Import all the packages that we need.

In [ ]:
import statsmodels.api as sm
import numpy as np
import pandas as pd

from matplotlib import pyplot as plt
from pandas.plotting import scatter_matrix
from mpl_toolkits.mplot3d import Axes3D

from statsmodels.stats.outliers_influence import OLSInfluence
from statsmodels.stats.outliers_influence import variance_inflation_factor

Read the data from Auto.csv and remove all rows, that are not complete.

In [ ]:
auto_df = pd.read_csv('Data/Auto.csv', na_values='?')
auto_df = auto_df.dropna()
auto_df.head()

a) Produce a scatterplot matrix which includes all the variables in the dataset

In [ ]:

scatter_matrix(auto_df, alpha=0.5, figsize=(20,20))

b) Compute the matrix of correlations between the variables. 

In [ ]:
corr = auto_df.corr(numeric_only=True)
corr.style.background_gradient(cmap='coolwarm')


c) Perform a multiple linear regression with mpg as the response and all other variables (except 'name') as the predictors.
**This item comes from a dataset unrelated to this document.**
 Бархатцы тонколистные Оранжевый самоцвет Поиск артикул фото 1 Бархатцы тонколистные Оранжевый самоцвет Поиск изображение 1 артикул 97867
Print the results and comment on outputs.

In [ ]:
X = sm.add_constant(auto_df.iloc[:,1:-1]) # add all values except mpg and names
y = auto_df.mpg

model = sm.OLS(y,X)
estimate = model.fit()
print(estimate.summary())

d) Compute the variance inflation factors and comment the output.

In [ ]:
VIFs = [(predictor, variance_inflation_factor(X.values, _)) for _, predictor in enumerate(list(X))]
for tup in VIFs:
    print('{:20}'.format(tup[0]), '{:.3f}'.format(tup[1]))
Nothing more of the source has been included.